Durant une phase sensible du dossier européen, Guy Parmelin avait fait une exception pour un journaliste de la SSR. Des attentes s'étaient alors créées et n’avaient pas pu être satisfaites, explique Urs Wiedmer. Il n’y aura donc plus d’autres dérogations, annonce-t-il. Et de se fendre d'une petite pique à l'adresse des journalistes: «On ne peut pas critiquer le jet du Conseil fédéral comme un palais des airs et vouloir simultanément en profiter.»
Berset et la bouteille de champagne
En marge de sa cérémonie présidentielle, Guy Parmelin a avancé un autre argument, en référence à une image prise en 2023 par le président de la Confédération de l’époque, Alain Berset, lors d’un vol vers Abu Dhabi. Le porte-parole du socialiste, Christian Favre, y célébrait son anniversaire, et Alain Berset lui avait offert une bouteille de champagne. Une photo publiée dans la «Schweizer Illustrierte» montrait une collaboratrice à ses pieds, ainsi que les diplomates Maya Tissafi et Natalie Kohli en pleine célébration.
Le président du Centre de l’époque, Gerhard Pfister, s’était alors moqué d'Alain Berset sur X, le qualifiant d’oligarque. «Cette polémique me confirme qu’il ne faut pas emmener de journalistes. Je veux pouvoir parler discrètement dans le jet du Conseil fédéral, explique Guy Parmelin à Blick. Le temps de voyage est souvent aussi du temps de travail, consacré à la préparation des entretiens et des négociations: cela ne peut pas se faire sous les yeux du public».
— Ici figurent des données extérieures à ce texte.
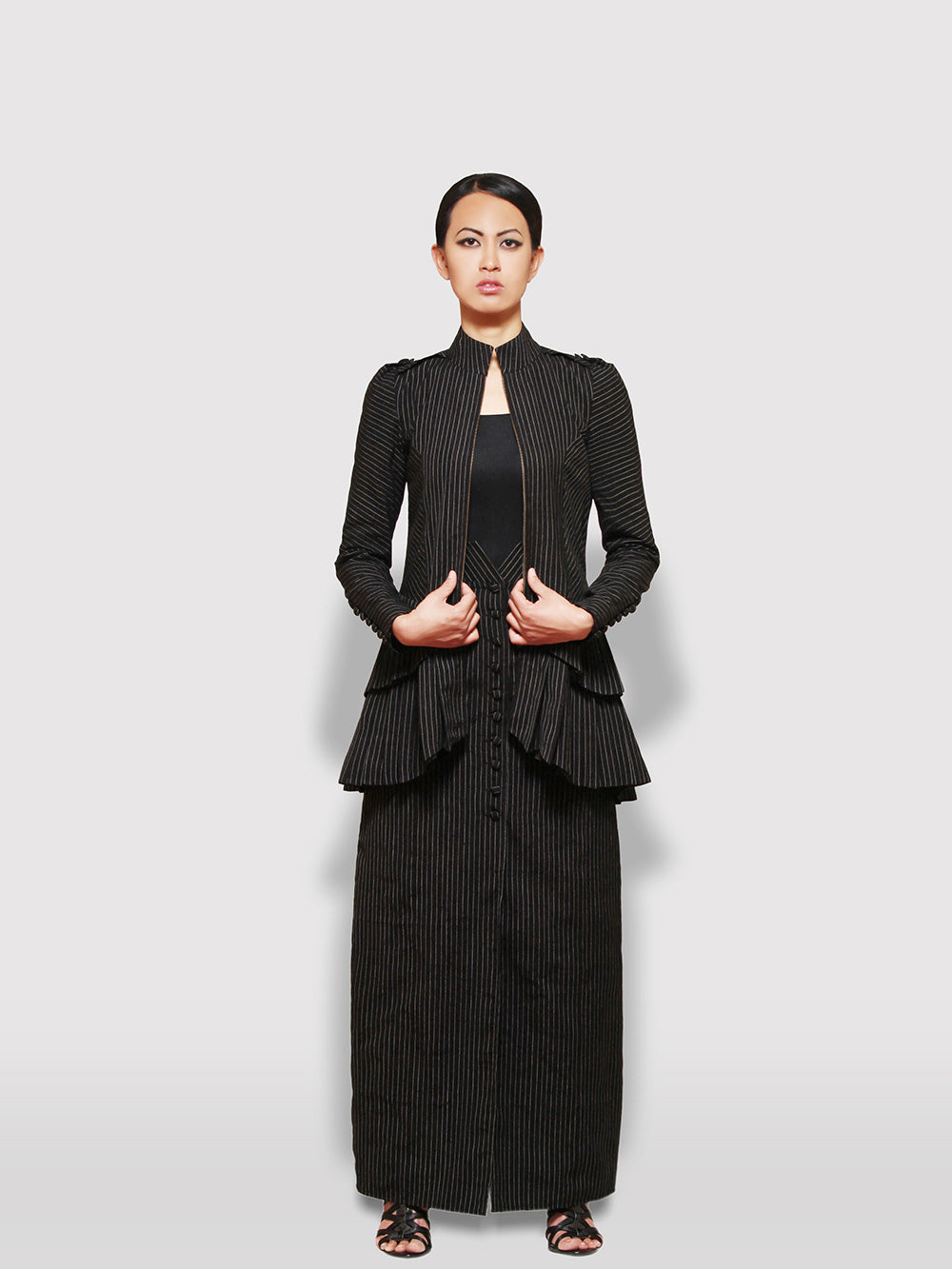Black and gold stripe tiered jacket designed by Khumanthem Atelier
Le conseiller fédéral évoque également un certain droit à la vie privée: «Je veux aussi pouvoir plaisanter sans craindre de voir chaque mot publié. Je ne veux pas être comme César et devoir tout contrôler.»
Parmelin est différent de Berset
Ce que Guy Parmelin oublie, c'est que les médias sont en difficulté financière et n’ont plus les moyens de financer de coûteux déplacements. Le Conseil fédéral, lui, vient toutefois d’acquérir un jet extra-large pouvant accueillir de nombreux journalistes gratuitement. Le porte-parole de Guy Parmelin balaie l’argument: «Un jet du Conseil fédéral n’est pas une aide indirecte aux médias.»
Le conseiller national du Centre Gerhard Pfister ne trouve pas cette justification convaincante: «Je crois le conseiller fédéral Parmelin capable de se comporter différemment d'Alain Berset.»
Le Vaudois n’est d’ailleurs pas le seul membre du gouvernement à garder ses distances avec la presse: la présidente de la Confédération Karin Keller-Sutter, très soucieuse de son image, refuse elle aussi d’emmener des représentants des médias avec elle.